Reform is necessary. In a literal and figurative sense both. Reform the Police should be the message. Make the Police force live up to that old line "to serve and protect", to provide justice.

Yeah, to get proper value out of a service it usually needs a little more funding, not less.

nadermx

"Two men were released after The Times asked about them, half a year after their sentences had been completed."

Horrific. This egregious human rights violation is something you'd think you read about in a developing nation, not a developed nation.

sersi

I think at this point the general consensus of most Europeans is that the US has more in common with a developing nation than with a developed nation when it comes to equality in the eye of justice, equal access to health care, support for the downtrodden and freedoms...

rbetts

It is easy to under-estimate the diversity across US States. I don't think many Europeans look at Hungary, Poland, or Bulgaria's justice systems and extend that to an opinion on EU justice in aggregate.

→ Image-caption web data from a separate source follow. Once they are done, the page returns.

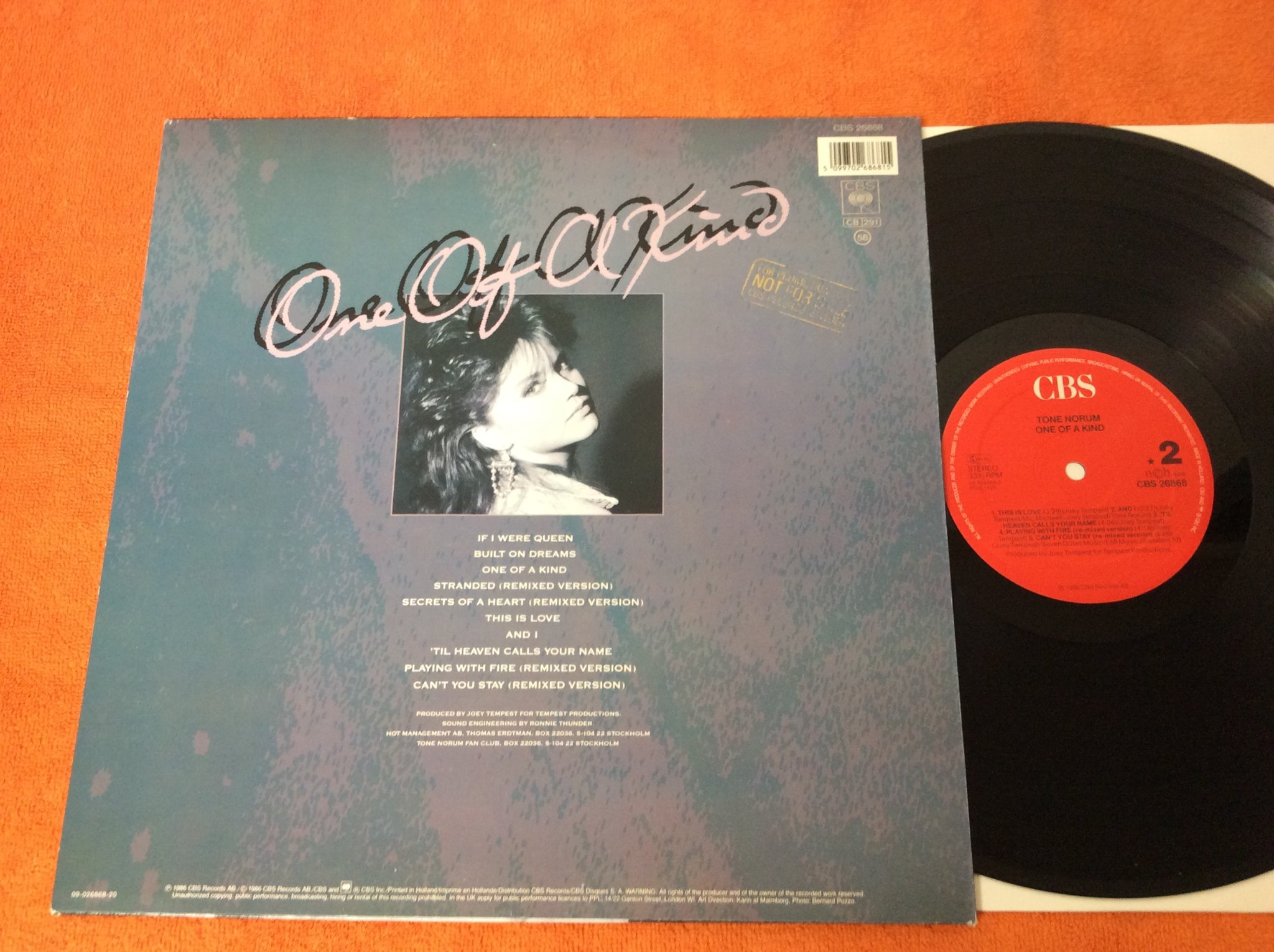 Omslagsbild för skivan TONE NORUM one of a kind LP signerad / promo stamp 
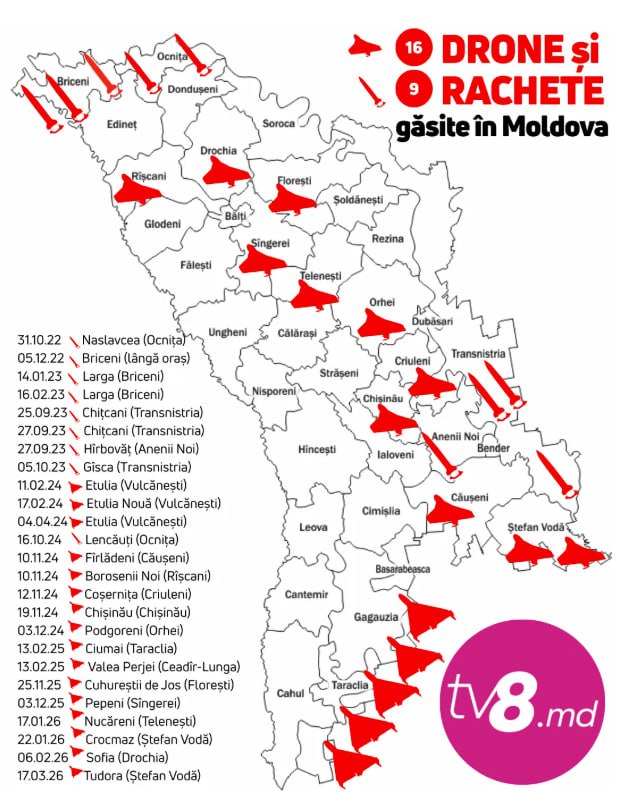 TV8: Harta completă cu toate locațiile din Moldova unde au fost descoperite drone și rachete rusești sau fragmentele acestora, în urma atacurilor asupra Ucrainei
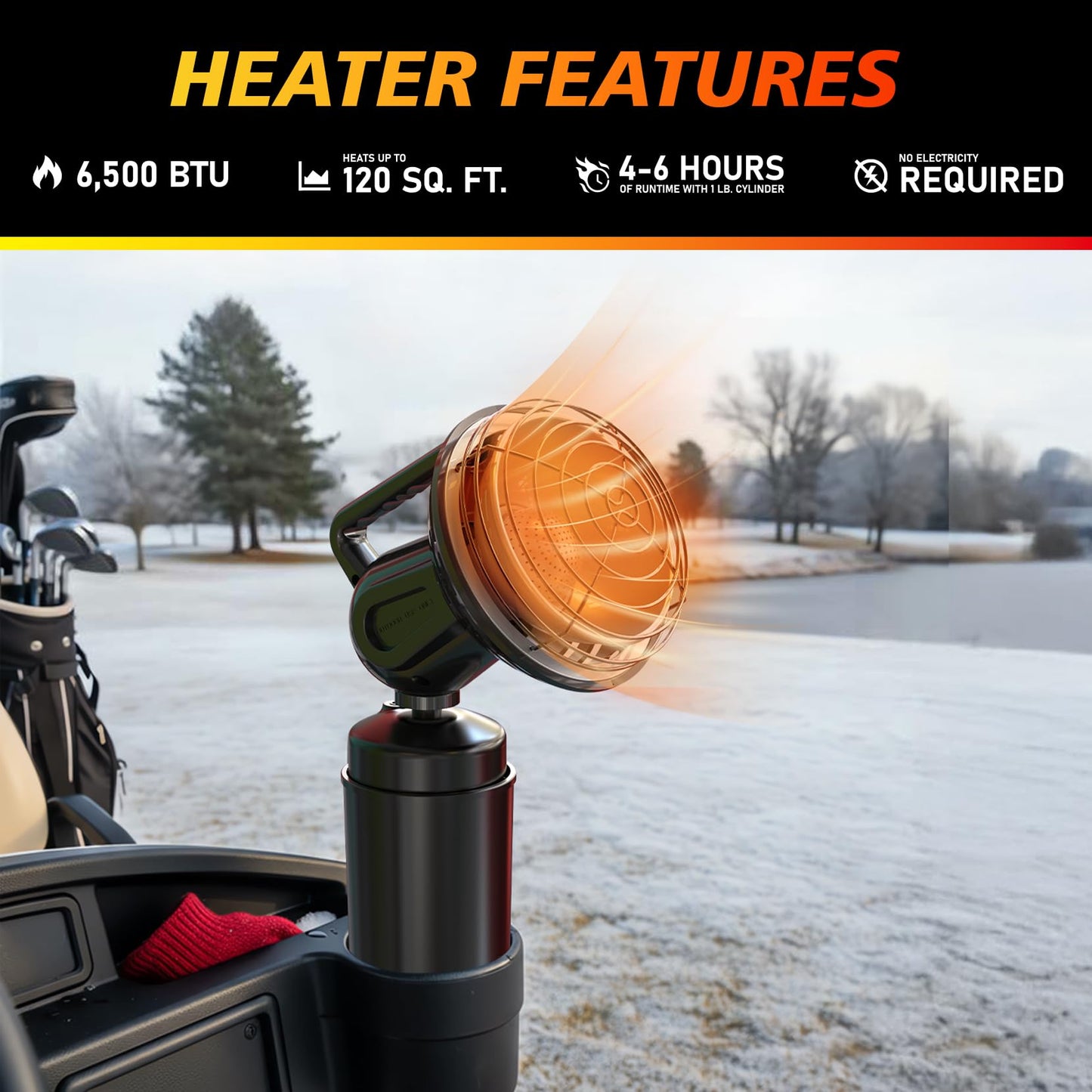 6500-BTU Golf Cart Heater 2 in 1 Portable Propane Heater for Golf and Camping Golf Cart Accessories Winter Heating Helpers（1LB Propane Tank is Not Included）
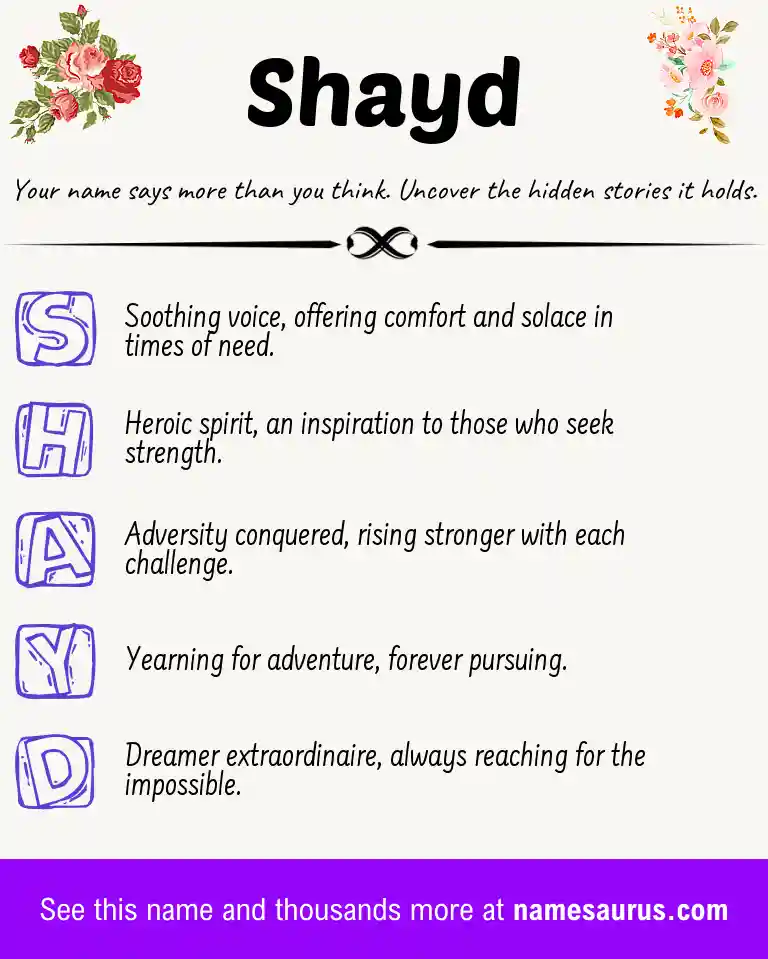Acrostic poem about Shayd.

This isn't to excuse the abysmal state of affairs in large swathes of the US. Just to say that the US is rarely sufficiently uniform to summarize as a single entity, especially in topics like justice systems where States have significant sovereign power.

walrus01

I've heard the US described as a third world country wearing a Gucci belt.

NekkoDroid

I personally still call the USA "the most advanced 3rd world country posing as a 1st world country"

Veelox

This general consensus is part of why Trump gets support for his recent trade and defense comments and actions. Also, from an economic perspective the US has been successful and has poured that success into different buckets than Europe would prefer but that's fine, let the US be the US and let Europe be Europe.

Numbers for anyone curious US gdp per capita ~$82.7k EU gdp per capita ~$41.1k

s_dev

GDP of Mississippi and Bavaria, Germany are about the same.

You would be simply insane to think that Bavaria wasn't far far wealthier than Mississippi though.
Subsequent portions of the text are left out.